Ironton Register, Thursday, July 1, 1858
OLIVE FURNACE, JUNE 26, 1858
MR. EDITOR: A human skeleton was found one day this week in one of the mounds which abound in this vicinity, similar to those in other parts of Ohio and of the West.
Formerly a part of this mound had been dug away for obtaining iron ore, to the depth of six or eight feet, leaving on one side a perpendicular bank. On this, some little boys were digging for amusement and were surprised by thus coming to what they at once termed “the frame of an old Red Skin.” – The more warlike among them essayed to demolish his remains by arming themselves with clubs, most irreverently dissevering and burying his bones from out their long and peaceful abode, where hitherto they had rested unmolested perhaps for centuries. But others of the party, being more curious, gathered up some of the fragments, afterwards exhibiting them to me, desiring some practical demonstrations, of the oral lessons in anatomy they had previously received. Among these were the skull, the lower jaw with some of the teeth some disconnected vertebrae, one of the ulna, and other bones. These were entire, but much darkened, some parts quite in a state of petrifaction. The curiosity of the little discoverers was greatly excited, and at their request I accompanied them to the spot from which these relics of the past were obtained, which is on a beautiful eminence near the dwelling of Mr. McGugin of this place. I there saw in a promiscuous heap, the rest of the skeleton, and discovered it to have been imbedded in red sand stone, within three feet of the surface.
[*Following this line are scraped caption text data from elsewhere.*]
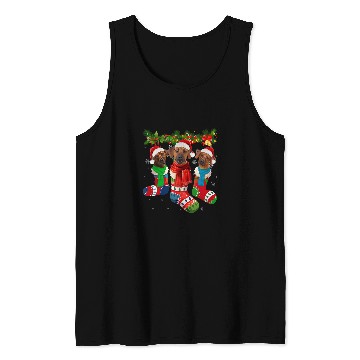 Discover Rhodesian Ridgeback In Christmas Socks Tank Tops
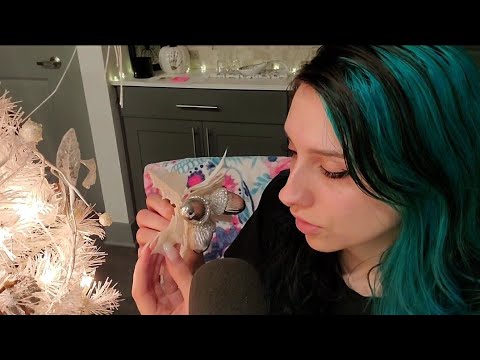 ASMR Explore My Mini Christmas Tree with Me! 🎄 | Whispered, tapping, scratching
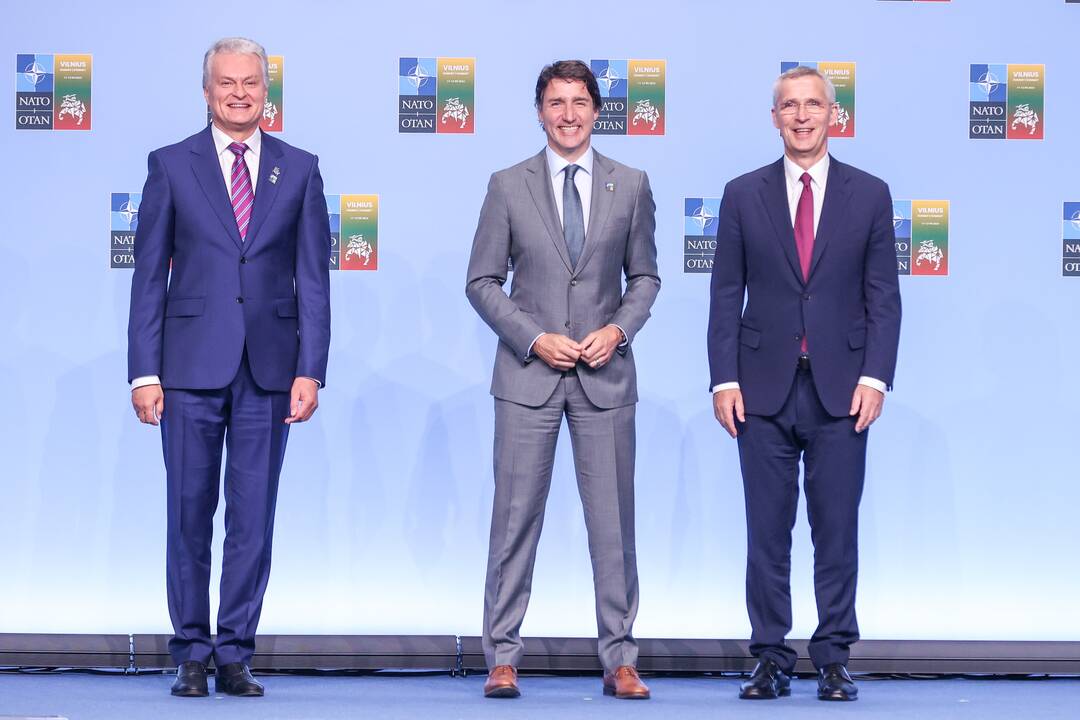 NATO lyderių pasitikimo ceremonija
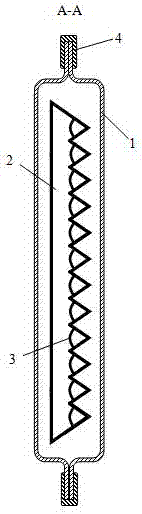 Flat-plate solar water heater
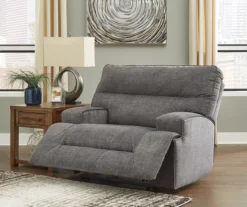Coombs Charcoal Wide Seat Recliner -Furniture Sale Shop 810519708 5
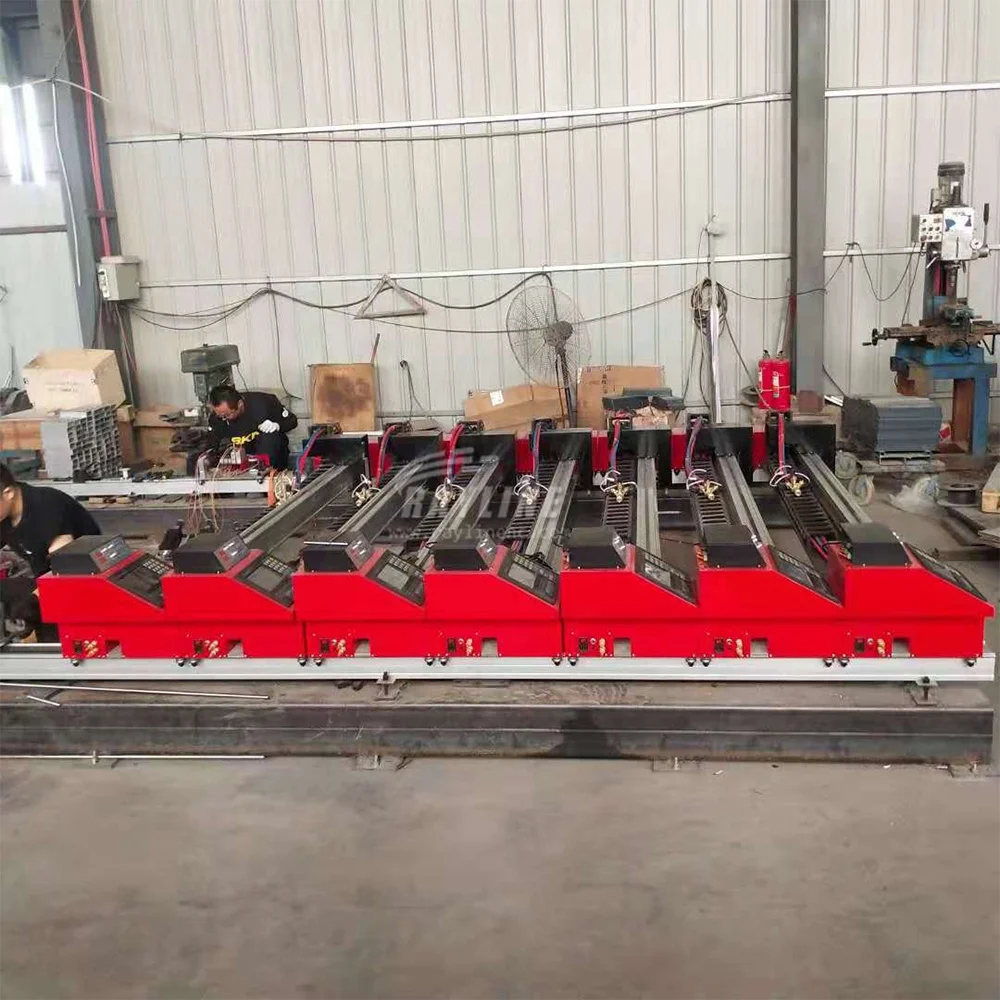 Portable Dual-rail Gantry CNC Flame Plasma Cutting Machine Small Portable Gantry Flame CNC plasma Automatic Cutting Machine 4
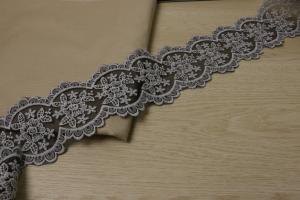 China Floral Guipure Lace Trims , Bicolor Tulle Lace Trims OKEO TEX 100 Approved wholesale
No further examination as yet has been made. But I heard various conjectures made by these young antiquarians, as to how many more were entombed there, and what Indian curiosities or valuables might have been buried with the owners. One little fellow speaks for all tomahawks that may be found, another claims all the silver and precious metals hid there, very liberally promising me the “largest half” of his imaginative hidden treasure, when it shall have been found. I was puzzled by many questions about these mounds, and the race who constructed them, such as: Did they make these mounds exclusively for burying their dead? What kind of people were they? When was the country first inhabited by them? At what period, and how did they finally take the departure? Are they now extinct? Or do their descendants still live west of the Rocky Mountains, or elsewhere? Conjecturing answers, as best I could, and affecting to be wise, I succeeded in leaving our juvenile interrogators much better satisfied, than was my own mind, regarding these facts of the past.
Mr. Editor, if any of your correspondents can give well authenticated and satisfactory answers to the above questions they will much oblige yours, FLORA FREE
(This whole matter embraced by the above “questions,” is all conjecture, and has been the subject of much speculation among antiquarians. Ed. Reg.)